A citação acima chama atenção para a noção de encontro, em primeira instância. Por encontro, entendo esse link que se estabelece entre ator e espectador e que se chama, no final das contas, teatro. É a partir desse encontro, dessas mãos que se entrelaçam que se obtém o que posso entender hoje por teatro. Não é um encontro isento de qualidades. É um encontro possível. O que virá a seguir varia, é constante, é transtorno, é pulsante. Pode ser muito e pode ser pouco. Pode não ser, pode ser eternamente. Pode sair do lugar ou não ou estar num entre incapaz de se classificar. Isso tudo, enfim, é o teatro que pode ser mesmo um infinito. Mas que, para isso, precisa primeiro encontrar.
Ou seja, não tem como eu ser outra coisa se eu já excluo desde o início a possibilidade sua de relação comigo. Mais: não tem como eu ser alguma coisa se eu excluo o seu olhar, o contato contigo, pois é justamente neste lugar que se opera a minha existência. Eu dependo de você para existir. Não quer dizer que serei vassalo de ti, não quer dizer isso, eu posso te bater, te odiar, te fazer mudar, romper com você, te dominar, mas parto sempre de um princípio, o de que nos amamos – a noção de que nos encontramos lá no início.
Em outras linhas, preciso primeiro te receber. De peito aberto, de espaço aberto. Receber. Depois, sádico como acredito o ser, vou moendo o tapete e te fazendo escorregar por dentro de certas engrenagens que você talvez não queira percorrer, mas que já tendo se encontrado comigo lá nos princípios, bom – eu entendo – fica difícil você se abster.
O que eu fiz? Furei sei olho? Não, eu puxei seu tapete. Assumidamente. Deixei-te em suspensão. Partimos, então, de um tapete uno. De um mesmo chão. Mas eu tinjo ele de outra cor e você acha mesmo que o que mudou foi o chão. Eu lido com cores com formas e semblantes, com superfícies que se confundem e te tornam inoperante, ou – desejo eu – tornam-te ser capaz de operar em si a gerência dos horrores e afetos que fazem de nós – seres – sermos humanos.
Sem o encontro, não pode haver confronto. Primeiro a gente se ama, depois se mata. Primeiro união, depois desenlace. Primeiro há construção, depois sua quebra. É o processo natural, leia-se, irreversível?

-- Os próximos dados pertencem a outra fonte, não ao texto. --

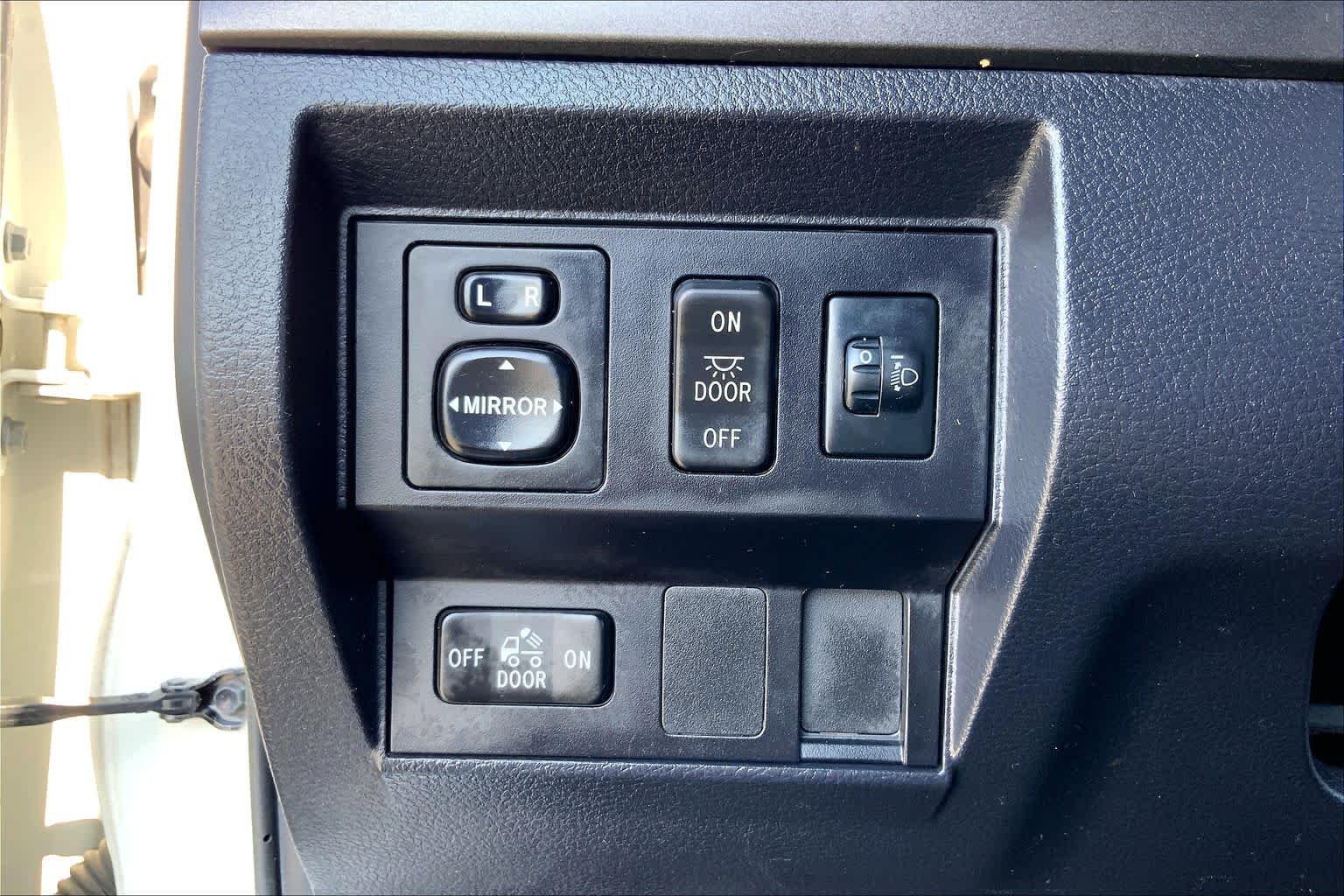 Used 2017 Super White Toyota SR5 image 32
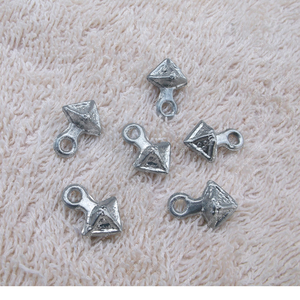 Medeival-Botón de bola de pewter, vástago fundido a mano en el fondo para acoplarlo a tu prenda - Product Image 2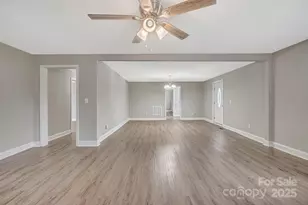 222 S Main Gq St, Salisbury, NC 28146 - Photo 6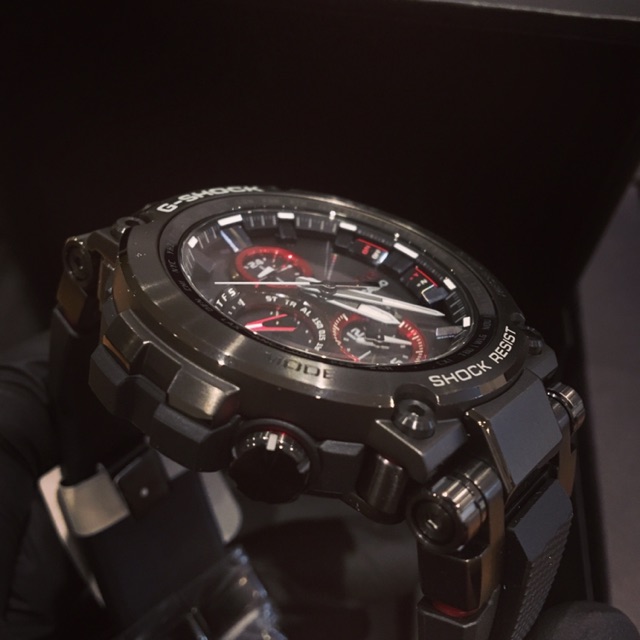 Đồng hồ nam mặt kim cổ tay vừa Casio G-shock MTG-B1000B-1A - kích thước 55,8×51,7×14,4mm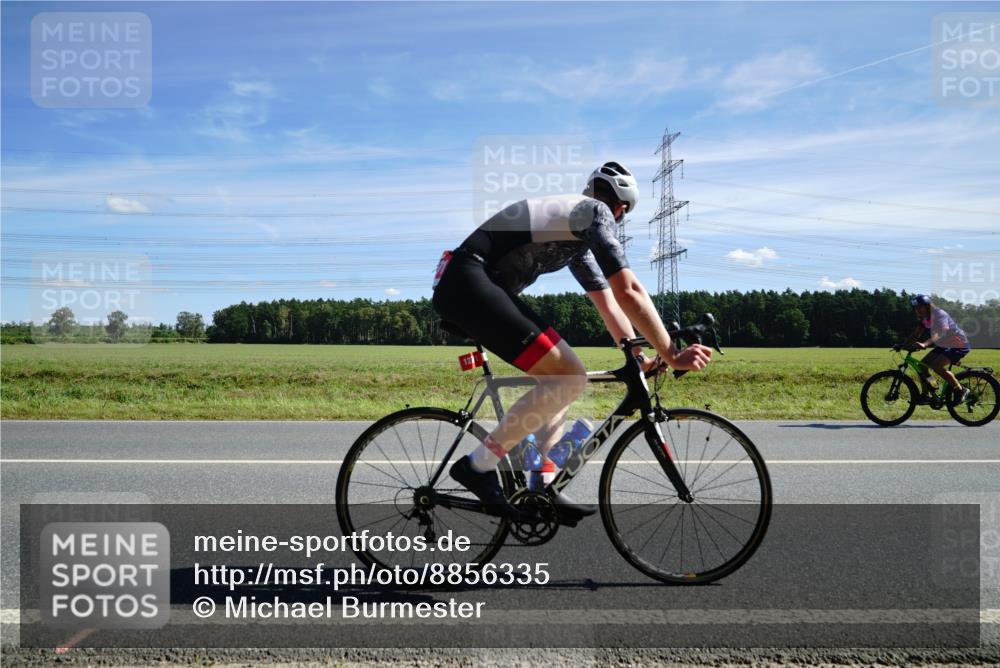 07.09.2025 - 19. Norderstedt Triathlon Michael Burmester http://msf.ph/oto/8856335 07.09.2025 12:48:19 Radfahren 1271, 1304 meine-sportfotos.de
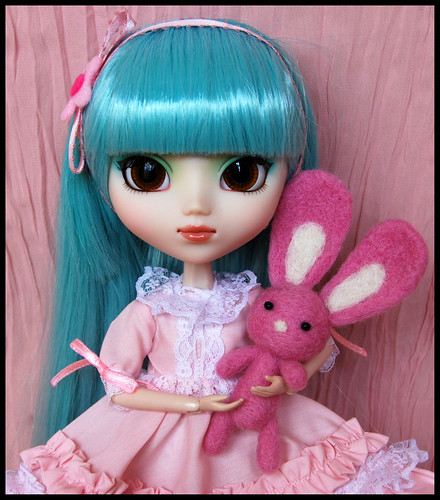 Pullip & pink bunny by * ~ Lucidique ~ *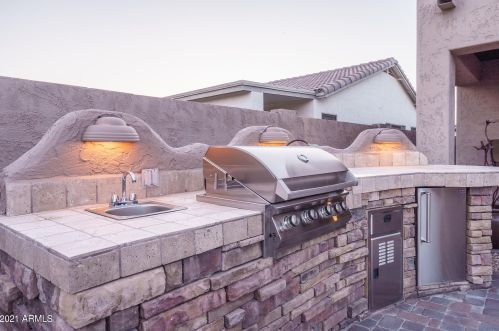 27417 60 Ln, Phoenix AZ 85035-4824 exterior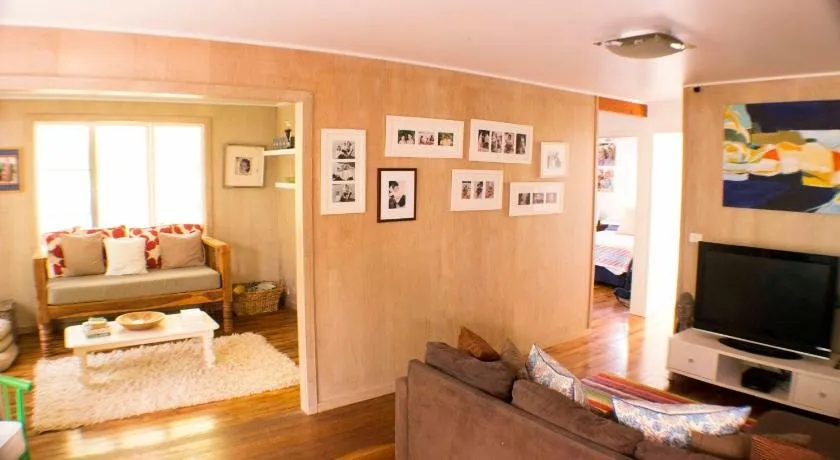 The Island Retreat - Image 1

Não. Talvez em se falando do teatro as coisas percam autonomia, percam poder, percam posse, ganhem autofagia. As coisas se digerem elas por elas mesmas e o dia nasce potente de outra coisa a qual sequer foi dado um nome. O nome importa? O nome entorta e nos torna vassalos de uma perfeição que só se encontra mesmo nos dicionários.
(1) GROTOWSKI, Jerzy. Em busca de um teatro pobre. P.36.